Review by afro_jesus

"An unbiased look at the good and the bad of HP:OOTP"

This game is an anomaly of sorts. One one hand you have a remarkable example of what EA is trying to accomplish with "movie games", wherein there's minimal(if any at all) noticeable loading, huge environments that are extremely detailed, voice work predominantly done by the cast of the film, and some really sharp graphics.

However, with all of the money EA threw at this title it's plain to see that they just didn't care about the actual game play aspect of the title and are in turn, relying solely on the aesthetics and technical merits of the title instead. There's no way anyone should legitimately pay more than 39.95 for this, regardless of the situation.

Why, you ask? Well, it's because this game at it's absolute most is roughly 10 hours long. That's also considering that you took your time and found EVERYTHING possible to get the Discovery Level 13 achievement. Now I know, a lot of 10 hour games are insanely great and the only complaint most have with titles in that group is that "it's never long enough". Unfortunately, the "game play" in Phoenix revolves around the "fetch and quest" type of engine.

If I was to be insanely harsh, I would state that this game's entire play style follows the same basic formula of "Look at map, find character from movie, talk to them, retrieve item/run errand/find information, then open map and repeat for the next character" and I wouldn't be far off. While the game does offer a good amount of things to do outside of the normal fetch and retrieve, there's nothing with enough depth to make it worthwhile.

You have your choice of 3 mini-games, some with variations(Gobstones and Card Snap), but even then they don't offer much, which in turn leads me to our next issue....

Lack of Multi-player/Online play:
While it's a given that this title is only a single player experience, with the amount of additional mini-games and the fairly balanced(surprising, I know) dueling system...it should have been a literal no-brainer for the addition of online play. Even in it's most remote aspect, online play could have been the deal breaker that would've given people(predominantly, this game is marketed at younger gamers or die-hard HP fans) a lot to do after the game was finished.

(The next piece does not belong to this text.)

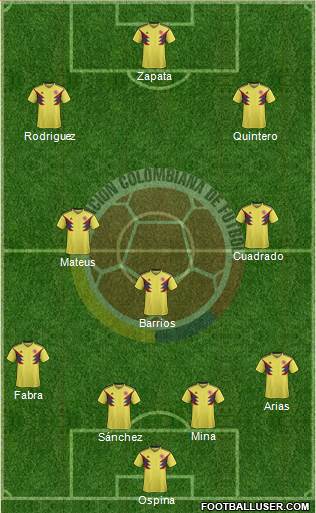 Colombia Formation 2019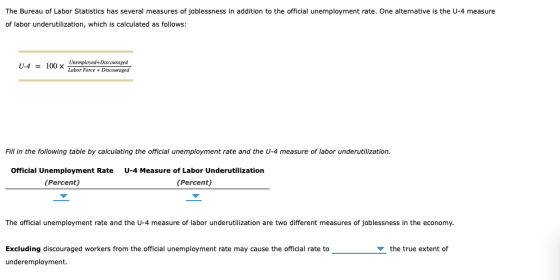 The Bureau of Labor Statistics has several measures of joblessness in addition to the official unemployment rate. One alterna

Also, the lack of multiple playable characters in this title keeps you from deriving from the sole "Harry Potter is the only one that matters" side of the coin. In Azkaban and even to a lesser extent the hand held titles(which are mostly RPG's or hybrids), each character in the "Hogwarts Triple Threat" have something to offer. All Ron and Hermione(mainly Hermione) do the entire game is complain and comment about the current situation, most of the time doing so directly after you've been given a new objective.

Secondly, by doing this making the only playable character Harry, you have killed any type of variety in the puzzle aspect of the game. Without multiple characters, there's no depth. Every situation is the same, every character has the same spell set, and every puzzle can be completed within seconds of discovering it. This design flaw leaves you with nothing but tedium, and unfortunately that's what this entire game is.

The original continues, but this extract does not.